La utopía es un paraíso que el hombre fabrica por sí mismo, sin ayuda sobrenatural. Hablemos claro. En el concepto teocrático de la vida, el hombre no debe ser feliz en el presente. Tuvo ya la felicidad al principio de los tiempos, volverá a gozarla más allá del tiempo, pero «en el tiempo» se le niega la felicidad. ¿Por qué tan extraña injusticia? ¿Por qué esos oscuros celos? Bajo el régimen teocrático el hombre puede recordar la felicidad, puede esperarla, pero no puede poseerla.

La deducción es sencilla: el que quiere la felicidad debe olvidar la teocracia. Esto hace el Humanismo. Porque el Humanismo también es una forma de felicidad. Es «ante todo» una forma de felicidad «terrenal». La felicidad más elevada, más pura, más orgullosa. La felicidad de sentirse único árbitro de sí mismo. Destino limitado, pero encerrado en nuestro puño.

Dios le pide al hombre facultades de soñador. Dios quiere que el hombre sea poeta. Y de esto surgen situaciones paradójicas. Resulta que los verdaderos divinos somos nosotros que en realidad no somos divinos, si bien vivimos en una condición de divinidad, o sea, más en la fantasía que en la realidad, más en el pasado y en el futuro que en el presente, más en lo que no es que en lo que es.

Bajo el régimen teocrático, el hombre está más inspirado, es más «grande». Dante y Miguel Ángel tienen más prestancia que Charles Darwin y Sigmund Freud.

Hemos reflexionado largamente sobre la grandeza de las obras llenas del «aliento sobrehumano».

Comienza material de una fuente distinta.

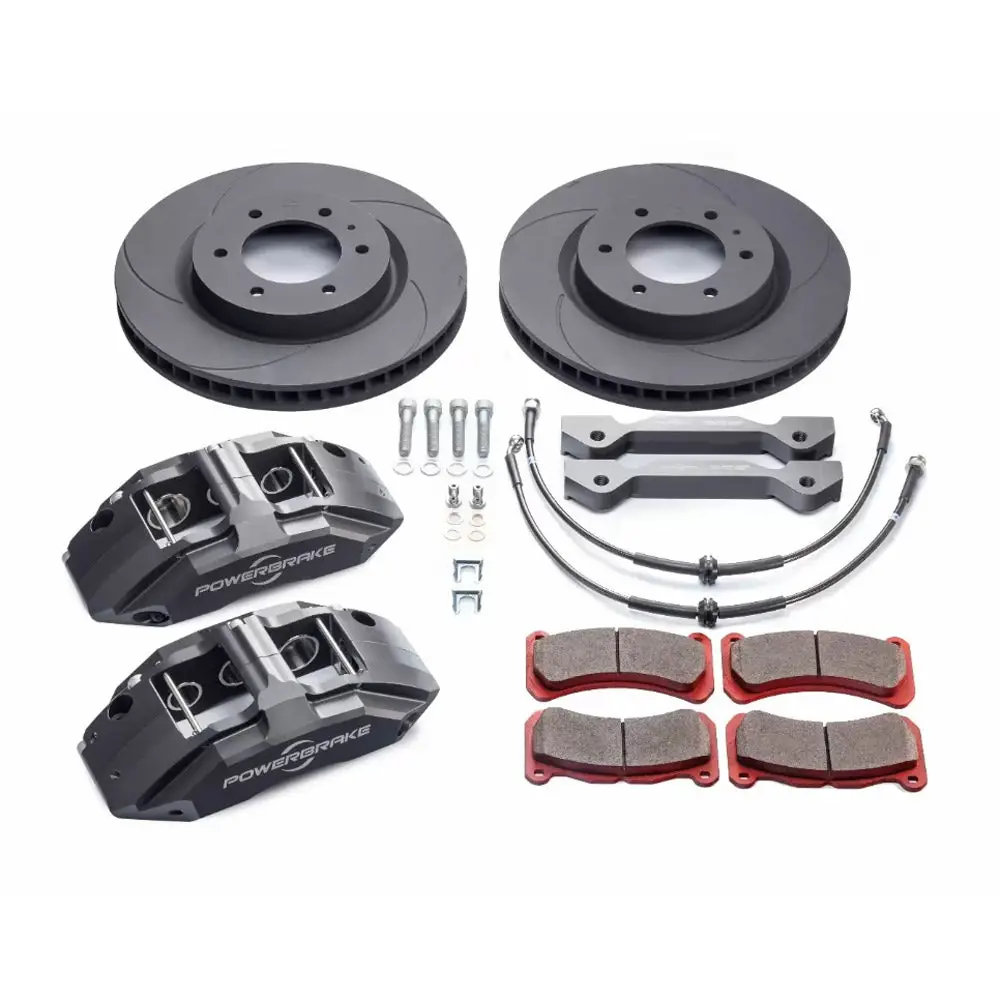 Powerbrake - X-Line Big Brake Kits - Grey - Toyota 4Runner (2010+) 1
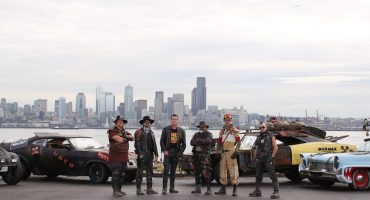 Uber setzt Mad Max-Autos in Seattle ein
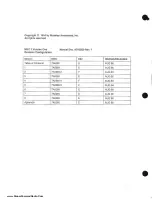 Preview for 2 page of Moseley MRC2 Manual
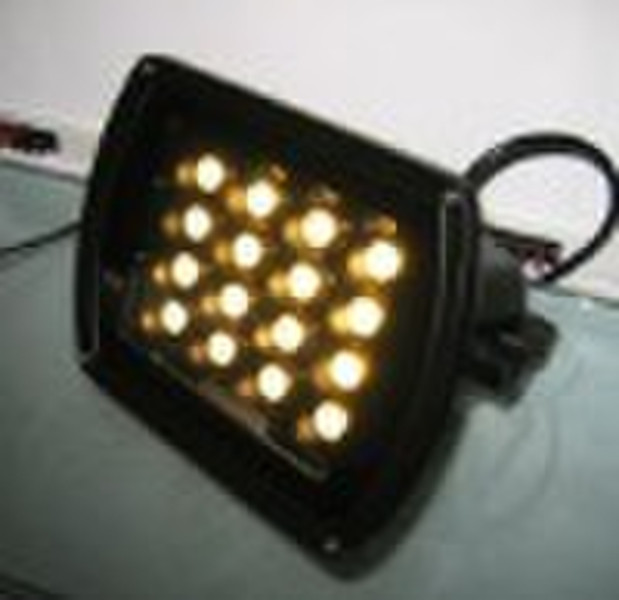 Мощный 16WRGBLED проект-света лампы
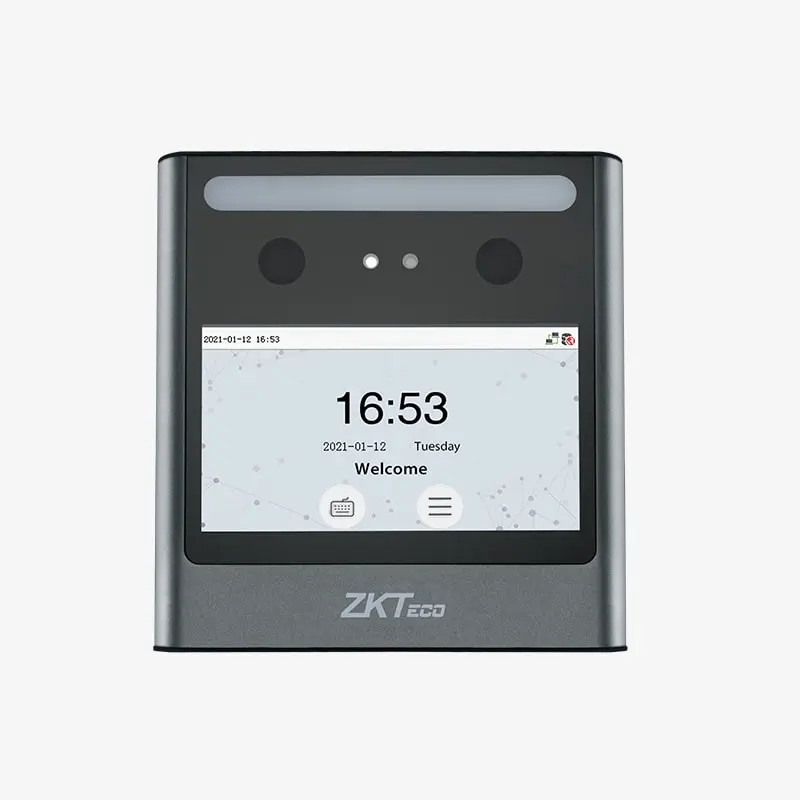 [ZKT-EFACE10] Terminal de Control de Acceso y Asistencia ZKTeco EFace10 — Reconocimiento Facial y Huella con 500 Rostros y App para Gestión de Personal en PyMEs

¿Es esta la grandeza del hombre? ¿Acaso es esta la obra del hombre? ¿Tal vez es este el destino del hombre?

En lo que respecta a nosotros, hemos hecho nuestra elección: hace tiempo que renunciamos a «aquella» grandeza, sin lamentarlo en absoluto. Lo mismo que nosotros ahora, quizás algún día todos considerarán a «aquella» grandeza como un sueño pueril y monstruoso.

¿Quién comprende esta aproximación? Infancia y monstruosidad se dan la mano y yo no pienso de manera distinta sobre mi infancia, si no es como la época de los monstruos. La vida es una larga lucha contra el monstruo, en los hombres superiores es una lucha iluminada por la victoria.

«Ciudad del Hombre». La Utopía conserva algunas cualidades de la Ciudad de Dios. Como su inaccesibilidad. Como el pudor que la rodea. Un día, el hombre no se contentó con las promesas y decidió obrar por sí mismo. Pero en esta creación propia, el hombre, por rutina, por emulación, imitó a Dios. En la Utopía hay aún algo sagrado. Algo que no se debe tocar, algo que no se puede alcanzar. ¿Hay algo prohibido en la Utopía?

Un día, el hombre no se contentó con la felicidad recordada, con la felicidad esperada, y quiso conquistar la felicidad presente. La Utopía es el modelo de la felicidad presente. La señal de que es posible la felicidad presente. ¿No basta esto para echar sobre la Utopía la sospecha de herejía?

Es necesario olvidar el significado de algunas palabras, darle vuelta como se gira la piel sobre el cuerpo rosáceo y azulado del cordero. La Utopía es la creación de los hombres prácticos, de los hombres que miran al presente, de los hombres que adoran en el presente al «más potente numen». Aclaremos las cosas: la Utopía no es la creación de los utópicos.

Deseo de todo corazón la edificación de la Utopía. No para mí sino para los demás. ¿Qué felicidad puedo sacar del presente? No veo el presente. No conozco el presente. El presente se me escapa. Que se nos consienta decir, con el máximo respeto, y en un sentido muy distinto: nuestro reino no es de este mundo. Que se nos consienta añadir que, si todos los hombres fueran semejantes a nosotros, o sea «hombres sin presente», rivalidades y luchas, todos los dramas, todos los dolores que de ello se derivan, cesarían de repente, porque el campo de batalla del mundo no es el pasado ni el futuro, ni la memoria ni la esperanza, sino el Presente.

En la edificación de las primeras utopías, el hombre conservó parte del «estilo de Dios».

En torno a esta construcción excelentemente humana, ¿por qué este aura «más que humana»?

Con el paso del tiempo, el divino pudor, como una muralla que rodea a la Utopía, palidece, aunque no desaparece. Si algunas formas de colectivismo pueden considerarse como colosales utopías en acción, a su alrededor sigue existiendo la muralla del pudor, la muralla de la defensa.